AVAILABLE DATA:
┄┄┄┄┄┄┄┄┄┄

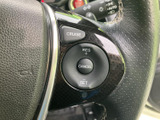 ステアリングにクルーズ関連のスイッチをまとめ、運転姿勢を保ったまま手元で操作しやすい配置です。各表示が見やすく、日常の運転時にも使い方を確認しやすい実用的な装備です。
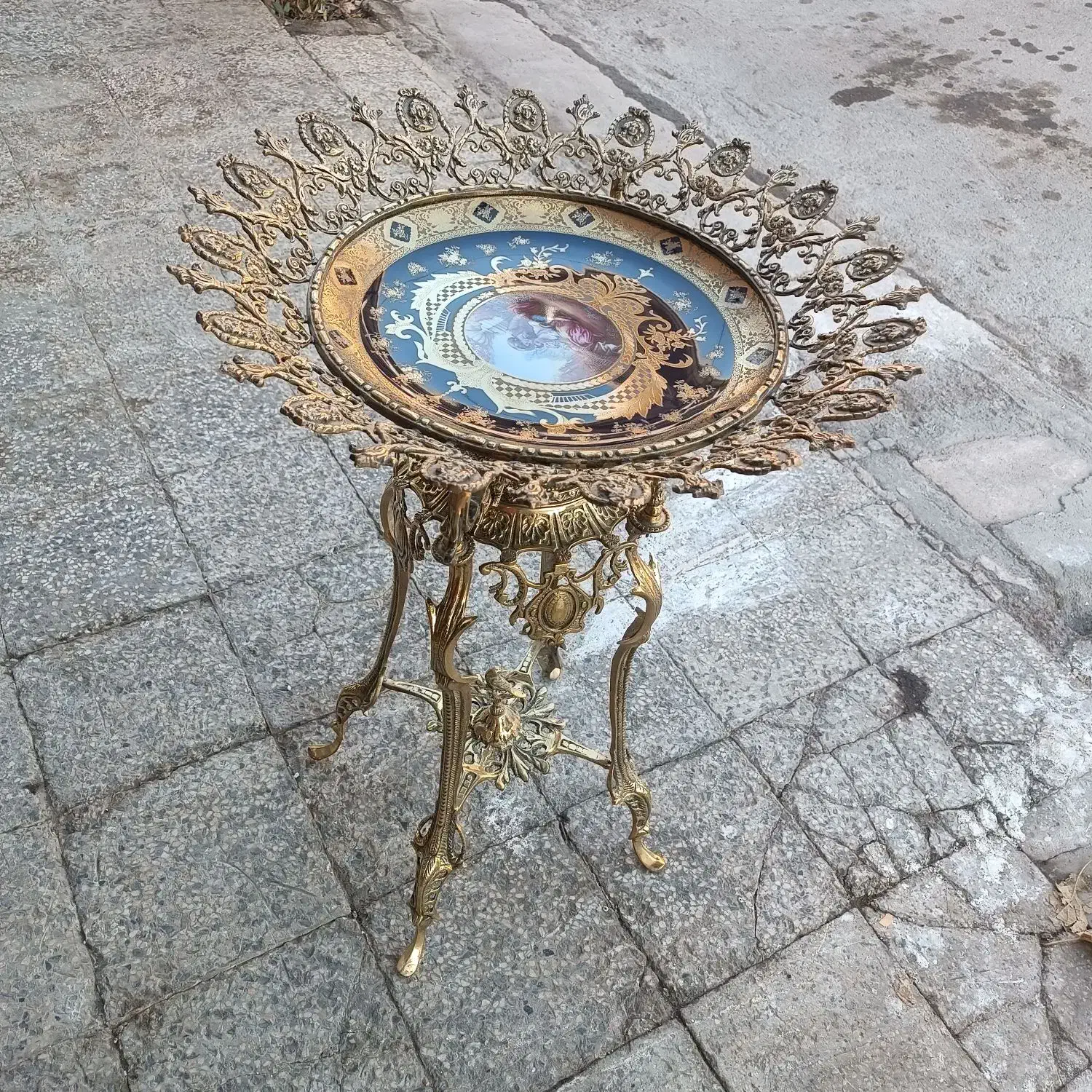 میوه خوری کنار سالنی برنز|صنایع دستی و سایر لوازم تزئینی|قم, سالاریه|دیوار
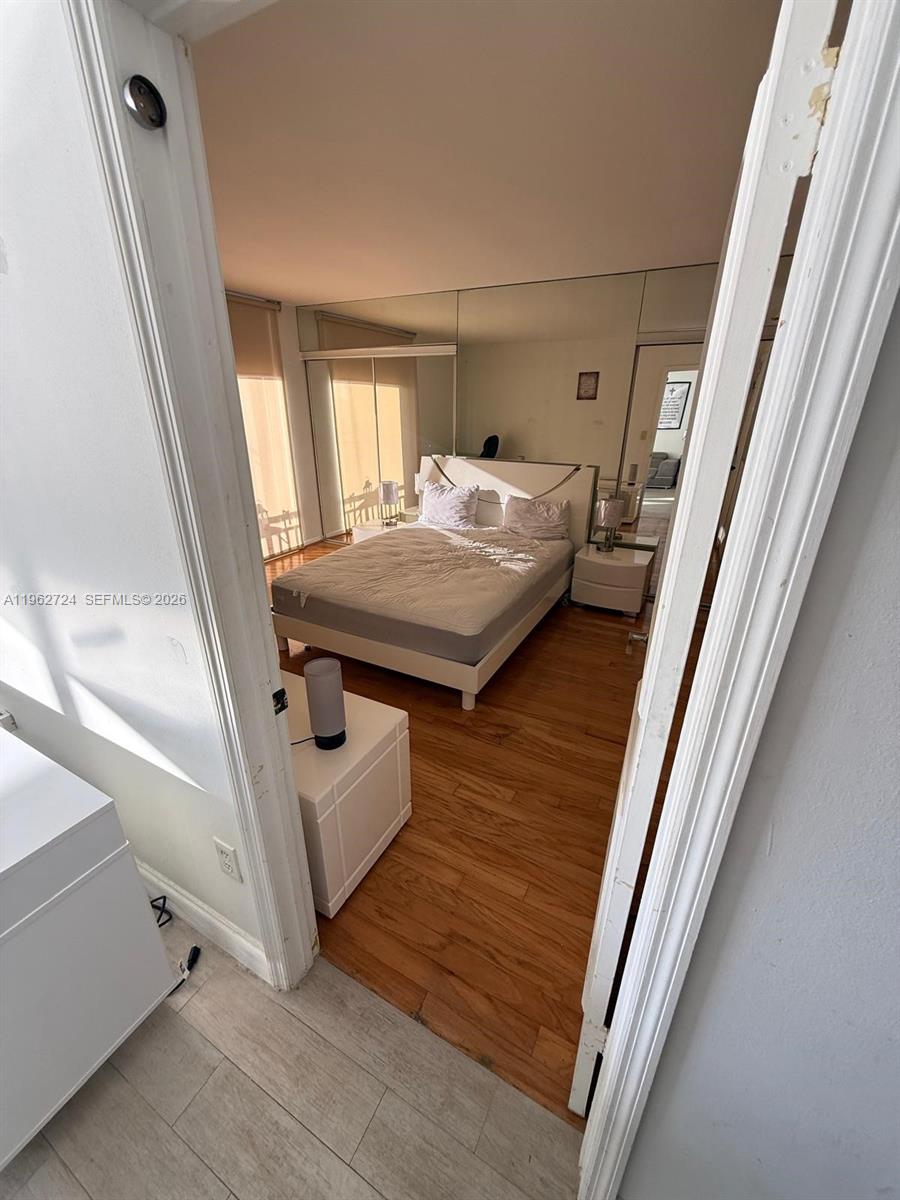 BRICKELL KEY II CONDO - Residential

┄┄┄┄┄┄┄┄┄┄

REQUIRED ACTION: Please reproduce each line of the listing above exactly, skipping pictures.

RESPONSE:
 ステアリングにクルーズ関連のスイッチをまとめ、運転姿勢を保ったまま手元で操作しやすい配置です。各表示が見やすく、日常の運転時にも使い方を確認しやすい実用的な装備です。
 میوه خوری کنار سالنی برنز|صنایع دستی و سایر لوازم تزئینی|قم, سالاریه|دیوار
 BRICKELL KEY II CONDO - Residential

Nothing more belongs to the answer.